» **LISTED RECORDS**:
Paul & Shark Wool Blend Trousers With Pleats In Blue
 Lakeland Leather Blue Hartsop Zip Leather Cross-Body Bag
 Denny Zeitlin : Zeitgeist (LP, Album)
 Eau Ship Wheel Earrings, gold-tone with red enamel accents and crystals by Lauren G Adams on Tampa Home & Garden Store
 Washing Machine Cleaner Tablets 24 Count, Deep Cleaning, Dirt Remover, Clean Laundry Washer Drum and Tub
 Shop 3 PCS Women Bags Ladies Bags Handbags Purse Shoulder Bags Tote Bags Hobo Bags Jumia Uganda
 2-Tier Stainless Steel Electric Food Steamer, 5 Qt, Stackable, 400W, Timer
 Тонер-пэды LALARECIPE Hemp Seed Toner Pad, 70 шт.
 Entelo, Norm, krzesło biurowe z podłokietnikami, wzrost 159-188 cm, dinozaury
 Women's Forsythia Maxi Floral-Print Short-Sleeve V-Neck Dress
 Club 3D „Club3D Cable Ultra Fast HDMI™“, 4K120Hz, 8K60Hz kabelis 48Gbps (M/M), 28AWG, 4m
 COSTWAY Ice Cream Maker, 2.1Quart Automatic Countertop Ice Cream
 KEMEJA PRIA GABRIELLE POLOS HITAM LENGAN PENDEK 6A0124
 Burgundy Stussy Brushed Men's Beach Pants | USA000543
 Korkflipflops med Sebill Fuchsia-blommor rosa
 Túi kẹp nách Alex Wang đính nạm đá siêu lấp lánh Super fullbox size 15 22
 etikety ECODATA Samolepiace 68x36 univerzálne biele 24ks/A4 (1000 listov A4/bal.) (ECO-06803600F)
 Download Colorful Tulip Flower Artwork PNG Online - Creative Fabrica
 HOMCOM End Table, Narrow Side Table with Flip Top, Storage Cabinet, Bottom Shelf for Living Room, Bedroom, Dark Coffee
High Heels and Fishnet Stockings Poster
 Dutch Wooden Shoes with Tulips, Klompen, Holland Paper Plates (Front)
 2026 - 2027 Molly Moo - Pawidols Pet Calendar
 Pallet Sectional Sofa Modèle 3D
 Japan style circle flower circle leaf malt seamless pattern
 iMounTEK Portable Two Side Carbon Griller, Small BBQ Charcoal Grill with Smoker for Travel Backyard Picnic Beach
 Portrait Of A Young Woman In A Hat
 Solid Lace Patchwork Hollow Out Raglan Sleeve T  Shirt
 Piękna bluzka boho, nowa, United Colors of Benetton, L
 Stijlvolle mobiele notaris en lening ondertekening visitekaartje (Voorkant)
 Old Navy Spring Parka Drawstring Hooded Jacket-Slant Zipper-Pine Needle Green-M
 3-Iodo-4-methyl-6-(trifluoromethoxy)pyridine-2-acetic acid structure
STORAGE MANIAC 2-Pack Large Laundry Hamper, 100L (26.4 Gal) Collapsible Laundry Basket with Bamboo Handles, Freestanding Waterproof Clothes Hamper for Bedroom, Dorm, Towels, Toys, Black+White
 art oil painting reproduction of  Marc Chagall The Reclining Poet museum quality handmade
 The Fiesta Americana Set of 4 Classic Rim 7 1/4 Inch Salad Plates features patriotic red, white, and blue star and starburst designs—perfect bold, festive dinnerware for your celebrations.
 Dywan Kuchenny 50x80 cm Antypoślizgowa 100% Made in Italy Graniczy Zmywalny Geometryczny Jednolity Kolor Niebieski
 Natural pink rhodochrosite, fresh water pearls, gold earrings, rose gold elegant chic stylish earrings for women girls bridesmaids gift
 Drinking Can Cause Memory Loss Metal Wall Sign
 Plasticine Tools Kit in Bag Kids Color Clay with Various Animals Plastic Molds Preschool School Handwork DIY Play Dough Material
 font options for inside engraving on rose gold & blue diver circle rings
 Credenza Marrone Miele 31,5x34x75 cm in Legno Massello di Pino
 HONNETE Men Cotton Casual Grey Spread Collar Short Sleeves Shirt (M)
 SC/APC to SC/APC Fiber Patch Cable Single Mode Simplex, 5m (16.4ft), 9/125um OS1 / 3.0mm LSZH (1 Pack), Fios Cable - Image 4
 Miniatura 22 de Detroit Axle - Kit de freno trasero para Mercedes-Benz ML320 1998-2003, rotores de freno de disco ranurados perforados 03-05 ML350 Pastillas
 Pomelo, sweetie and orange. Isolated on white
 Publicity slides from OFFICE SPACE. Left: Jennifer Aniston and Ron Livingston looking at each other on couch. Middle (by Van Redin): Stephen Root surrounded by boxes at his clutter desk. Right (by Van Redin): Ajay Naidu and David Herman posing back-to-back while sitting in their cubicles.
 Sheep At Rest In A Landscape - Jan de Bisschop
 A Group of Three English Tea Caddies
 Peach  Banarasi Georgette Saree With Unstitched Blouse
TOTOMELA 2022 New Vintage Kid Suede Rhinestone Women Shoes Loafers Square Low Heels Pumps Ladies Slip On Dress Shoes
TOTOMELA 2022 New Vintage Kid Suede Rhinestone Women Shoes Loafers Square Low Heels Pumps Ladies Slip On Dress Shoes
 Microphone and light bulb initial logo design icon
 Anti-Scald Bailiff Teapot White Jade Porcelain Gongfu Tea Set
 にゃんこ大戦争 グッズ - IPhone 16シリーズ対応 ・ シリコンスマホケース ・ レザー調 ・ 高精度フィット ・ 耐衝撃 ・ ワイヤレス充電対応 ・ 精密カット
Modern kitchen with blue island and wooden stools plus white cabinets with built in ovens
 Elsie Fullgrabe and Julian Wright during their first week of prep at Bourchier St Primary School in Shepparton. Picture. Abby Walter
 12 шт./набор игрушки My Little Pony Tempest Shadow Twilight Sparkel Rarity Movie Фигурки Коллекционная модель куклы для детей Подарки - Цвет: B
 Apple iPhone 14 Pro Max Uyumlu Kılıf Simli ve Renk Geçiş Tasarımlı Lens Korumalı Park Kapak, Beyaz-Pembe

» **EXERCISE DIRECTIONS**:
Among the entries above, the lines between the ones containing "2026 - 2027" and "Drinking Can Cause", inclusive, are to be transcribed exactly. No other line is to be given.

» **TASK RESPONSE**:
 2026 - 2027 Molly Moo - Pawidols Pet Calendar
 Pallet Sectional Sofa Modèle 3D
 Japan style circle flower circle leaf malt seamless pattern
 iMounTEK Portable Two Side Carbon Griller, Small BBQ Charcoal Grill with Smoker for Travel Backyard Picnic Beach
 Portrait Of A Young Woman In A Hat
 Solid Lace Patchwork Hollow Out Raglan Sleeve T  Shirt
 Piękna bluzka boho, nowa, United Colors of Benetton, L
 Stijlvolle mobiele notaris en lening ondertekening visitekaartje (Voorkant)
 Old Navy Spring Parka Drawstring Hooded Jacket-Slant Zipper-Pine Needle Green-M
 3-Iodo-4-methyl-6-(trifluoromethoxy)pyridine-2-acetic acid structure
STORAGE MANIAC 2-Pack Large Laundry Hamper, 100L (26.4 Gal) Collapsible Laundry Basket with Bamboo Handles, Freestanding Waterproof Clothes Hamper for Bedroom, Dorm, Towels, Toys, Black+White
 art oil painting reproduction of  Marc Chagall The Reclining Poet museum quality handmade
 The Fiesta Americana Set of 4 Classic Rim 7 1/4 Inch Salad Plates features patriotic red, white, and blue star and starburst designs—perfect bold, festive dinnerware for your celebrations.
 Dywan Kuchenny 50x80 cm Antypoślizgowa 100% Made in Italy Graniczy Zmywalny Geometryczny Jednolity Kolor Niebieski
 Natural pink rhodochrosite, fresh water pearls, gold earrings, rose gold elegant chic stylish earrings for women girls bridesmaids gift
 Drinking Can Cause Memory Loss Metal Wall Sign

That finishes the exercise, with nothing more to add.